En fait, et avant même que le congrès n'émette formellement les votes qui donneront à l'insurrection la sanction révolutionnaire qu'en attendent les dirigeants bolcheviques, c'est une fois encore le développement du mouvement des masses qui a tranché les divergences. Dans tout le pays, des assemblées d'ouvriers, de paysans, de soldats discutent, argumentent, combattent ou soutiennent la décision d'insurrection. John Reed a décrit l'une d'elles, dans le régiment d'auto-mitrailleuses où le bolchevik Krylenko vient de livrer un âpre duel oratoire aux adversaires de l'insurrection, mencheviques et s.r. Les soldats présents votent  : une cinquantaine se rangent à droite de la tribune et condamnent l'insurrection, mais plusieurs centaines se massent à gauche parce qu'ils l'approuvent. Le journaliste américain conclut  : « Qu'on s'imagine cette lutte renouvelée dans chaque caserne de la ville, de la région, sur tout le front, dans la Russie tout entière. Qu'on s'imagine les Krylenko sevrés de sommeil, surveillant chaque régiment, volant d'un endroit à l'autre, discutant, menaçant, suppliant. Qu'on s'imagine la même scène se répétant dans toutes les permanences des syndicats, dans les usines, dans les villages, à bord des navires ; qu'on songe aux centaines de milliers de Russes, ouvriers, paysans, soldats, marins, contemplant les orateurs, s'appliquant avec une telle intensité à comprendre et à choisir, réfléchissant avec une telle acuité, et, à la fin, se décidant avec une telle unanimité ! Ainsi était la Révolution russe » [43].

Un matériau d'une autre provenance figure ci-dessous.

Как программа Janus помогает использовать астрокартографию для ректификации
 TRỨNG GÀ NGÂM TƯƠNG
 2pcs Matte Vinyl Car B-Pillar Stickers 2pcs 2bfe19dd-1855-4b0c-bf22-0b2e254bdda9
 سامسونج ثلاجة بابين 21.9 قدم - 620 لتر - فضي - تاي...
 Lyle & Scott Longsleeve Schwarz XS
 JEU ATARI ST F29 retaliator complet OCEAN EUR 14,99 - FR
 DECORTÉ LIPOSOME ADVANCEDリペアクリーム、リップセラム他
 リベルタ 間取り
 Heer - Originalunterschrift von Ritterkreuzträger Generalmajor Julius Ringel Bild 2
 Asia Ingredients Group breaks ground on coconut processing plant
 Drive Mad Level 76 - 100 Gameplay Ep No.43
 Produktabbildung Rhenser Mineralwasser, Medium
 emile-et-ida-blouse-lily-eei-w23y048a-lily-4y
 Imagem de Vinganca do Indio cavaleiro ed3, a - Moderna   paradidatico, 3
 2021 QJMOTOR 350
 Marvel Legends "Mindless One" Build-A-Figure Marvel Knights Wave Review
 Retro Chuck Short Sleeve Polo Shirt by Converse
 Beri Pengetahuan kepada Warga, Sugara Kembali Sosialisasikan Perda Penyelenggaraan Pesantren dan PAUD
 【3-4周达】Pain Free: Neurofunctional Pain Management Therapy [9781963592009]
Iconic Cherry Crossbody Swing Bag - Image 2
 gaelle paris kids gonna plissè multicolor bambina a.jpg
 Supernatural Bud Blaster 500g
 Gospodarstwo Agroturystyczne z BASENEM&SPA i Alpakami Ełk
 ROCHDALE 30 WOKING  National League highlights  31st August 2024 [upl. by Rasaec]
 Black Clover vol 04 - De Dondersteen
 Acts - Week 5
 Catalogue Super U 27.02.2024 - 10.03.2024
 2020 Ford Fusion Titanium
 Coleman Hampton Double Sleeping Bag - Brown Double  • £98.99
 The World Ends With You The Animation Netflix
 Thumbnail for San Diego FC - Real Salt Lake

Le II° Congrès et le problème de la coalition

Sur les 650 députés du congrès pan-russe des soviets, 390 sont bolcheviques quelque 150 s.r. voteront avec eux. Le présidium du nouveau comité exécutif comprend 14 bolcheviks sur un total de 25 membres. Aux côtés des dirigeants du parti, les membres du comité central, Lénine, Trotsky, Zinoviev, Kamenev, Rykov, Noguine, Kollontaï, figurent de vieux militants, Riazanov, Lounatcharski, Mouralov - Trotsky dit  : Mouranov - le Letton Stoutchka et les dirigeants de l'insurrection Antonov-Ovseenko, du comité militaire révolutionnaire, Krylenko et le tout jeune Sklianski. Pendant la discussion arrivent d'exaltantes nouvelles  : la chute du Palais d'Hiver, le passage à l'insurrection des troupes envoyées par Kerenski pour la combattre. La minorité, mencheviks de droite et s.r., quitte la salle. Le congrès approuve l'insurrection, vote les fameux décrets qui fondent le régime soviétique, approuve par acclamations le nouveau gouvernement de « commissaires du peuple » le mot a été, à la dernière minute, proposé par Trotsky, adopté avec enthousiasme par Lénine que propose le comité central bolchevique. Ils sont 15, dont 4 ouvriers, tous bolcheviks. Il désigne ensuite un comité exécutif qui comprend 71 bolcheviks et 29 s.r. dissidents, partisans de collaboration au pouvoir avec les bolcheviks, les s.r. de gauche. Il se sépare après une session qui a duré quinze heures en deux jours. La page semble tournée.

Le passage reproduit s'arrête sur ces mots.